_Problem to work on_:
As written and without pictures, set down the lines from the one that contains "Taupe GIORGIO Hoge sneakers 31811 Taupe" through the end of the data.

_Source material_:

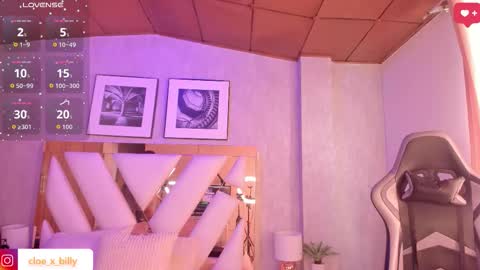 Cloe x Billy online show from 10-13-25, 07:14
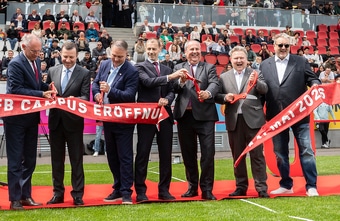 Neuer ÖFB-Campus wurde mit hochkarätigen Gästen eröffnet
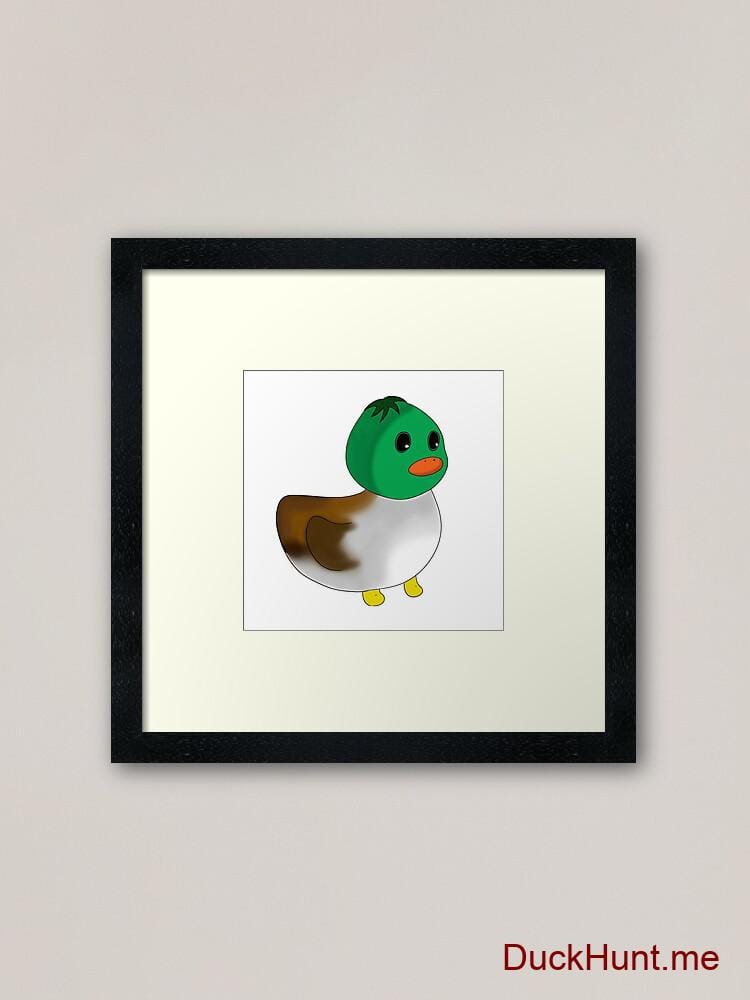 Normal Duck Framed Art Print alternative image 1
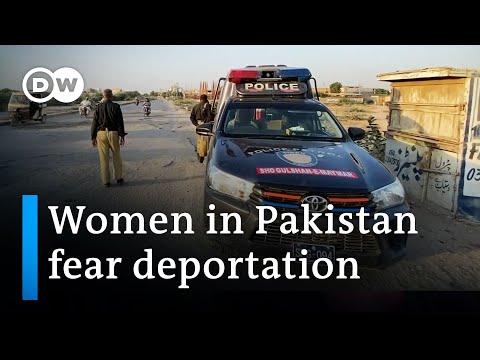 Pakistan: Afghan women fearful of new repatriation plan | DW News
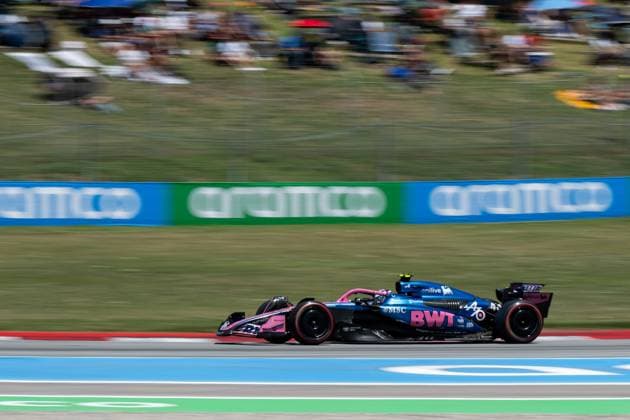 Franco Colapinto BWT Alpine F1 Team, Argentina, 43 in Alpine A525, ESP, Formula 1 World Championship, Aramco Grand Prix of Spain, Circuit de Barcelona Catalunya, Free Practice, 2025 season, 31 05 2025 ESP, Formula 1 World Championship, Aramco Grand Prix of Spain, Circuit de Barcelona Catalunya, Free Practice, 2025 season, 31 05 2025 Barcelona Copyright: xEibner-Pressefoto Memmlerx EP_MMR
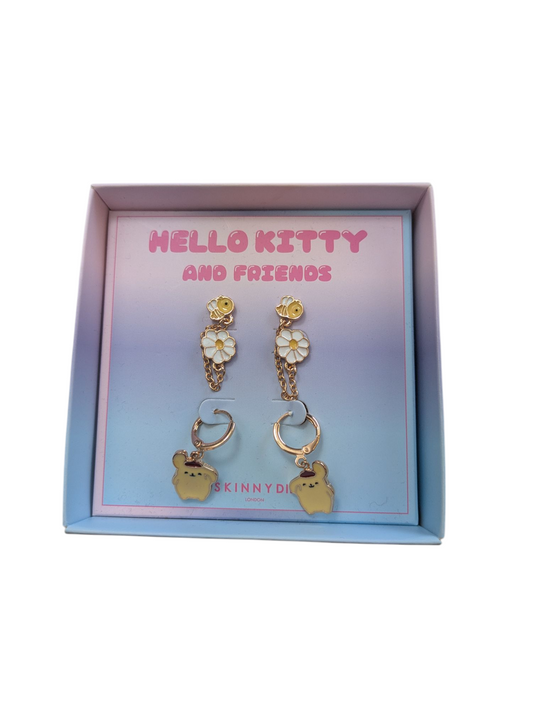 Hello Kitty Earring Set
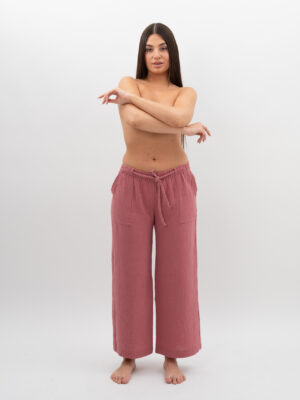 Spodnie Chłodny Róż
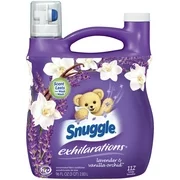 Snuggle Exhilarations Liquid Fabric Softener, Lavender & Vanilla Orchid, 96 Ounce, 112 Loads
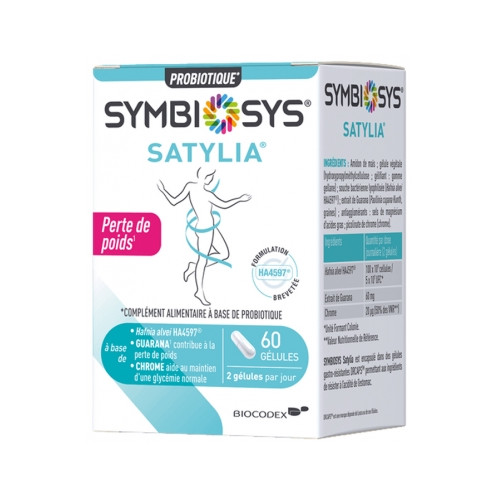 BIOCODEX Symbiosis Satylia Chrome Zinc 60 gélules BIOCODEX Symbiosis Satylia Chrome Zinc 60 gélules
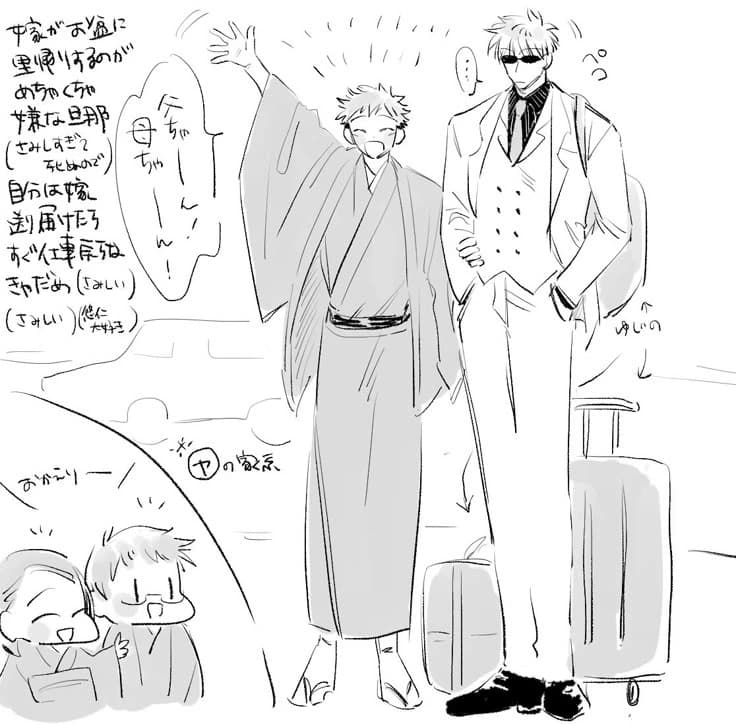 Thumbnail of собирается X itadori Goyuu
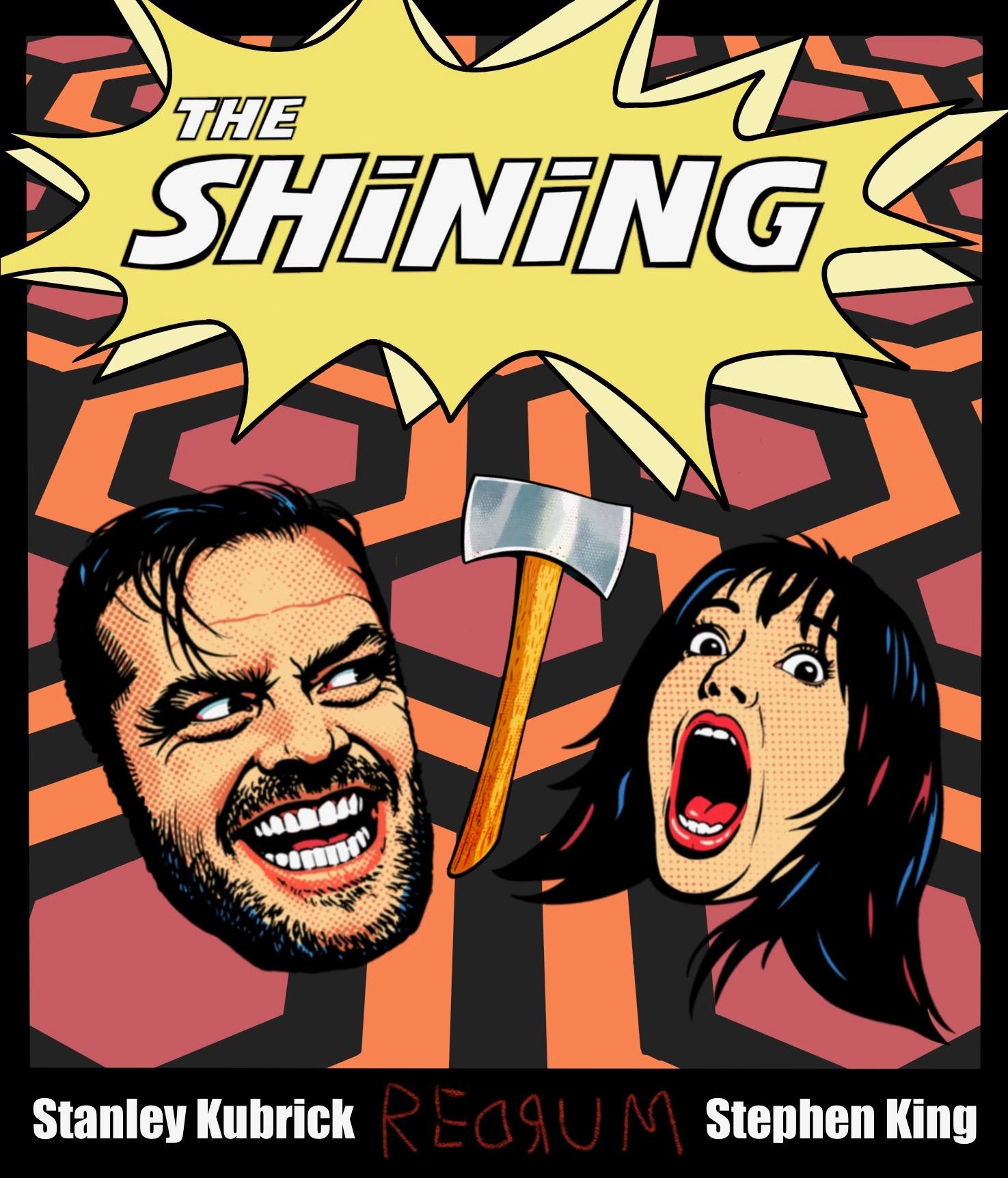 The Shining Movie Poster - Pop Art Design - image 1 - student project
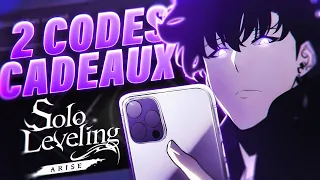 CODES GRATUITS ! 10 tickets à invoquer + 1000 essences stones ! Solo Leveling Arise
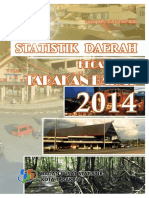 Statistik Daerah Kecamatan Tarakan Barat 2014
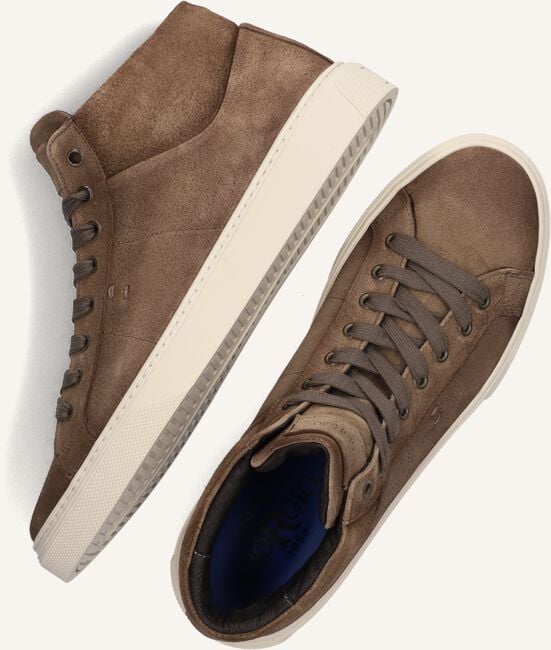 Taupe GIORGIO Hoge sneakers 31811 Taupe GIORGIO Hoge sneakers 31811 - large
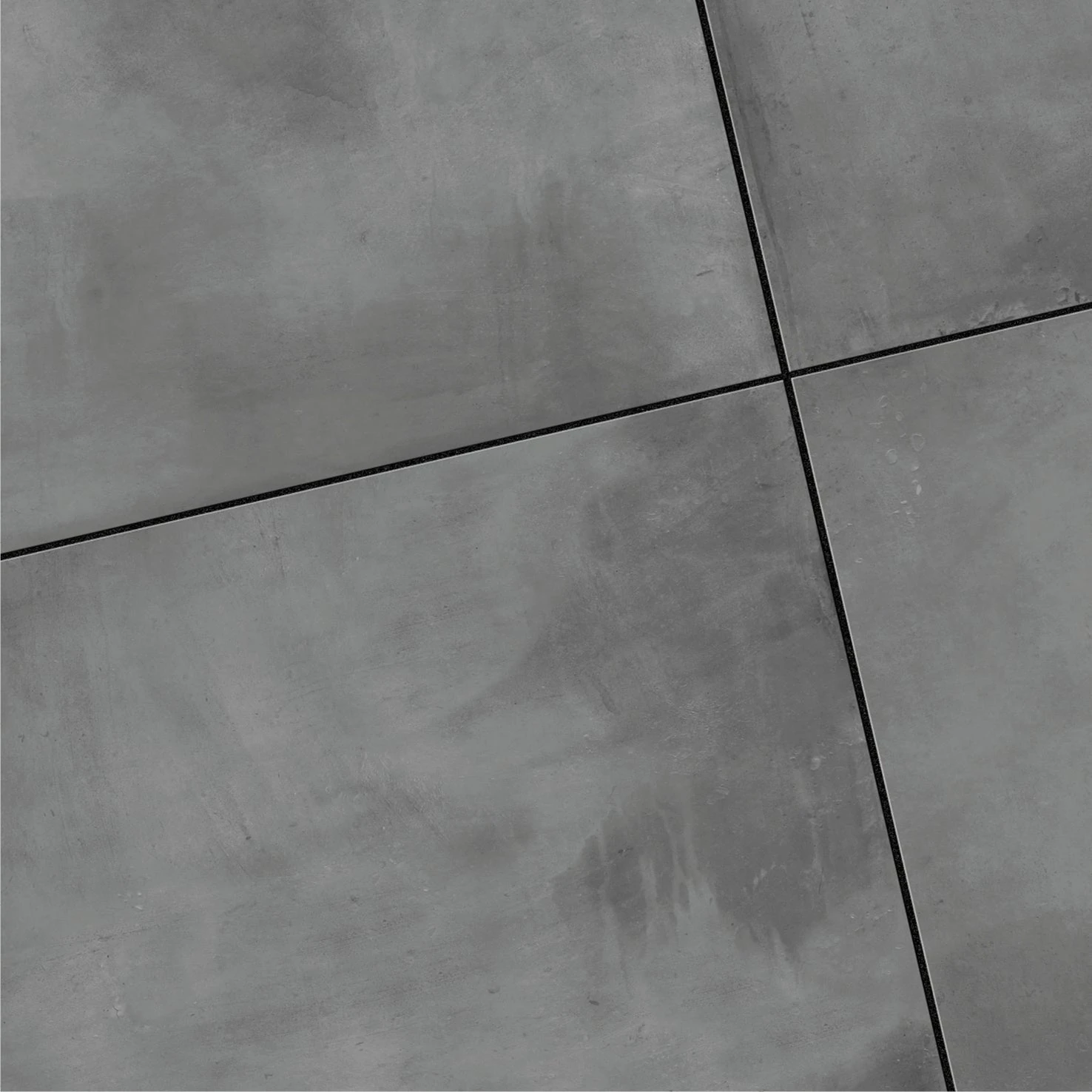 Keramische tegel Factory Steel Due 60x60x2 cm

_Your solution_:
 Taupe GIORGIO Hoge sneakers 31811 Taupe GIORGIO Hoge sneakers 31811 - large
 Keramische tegel Factory Steel Due 60x60x2 cm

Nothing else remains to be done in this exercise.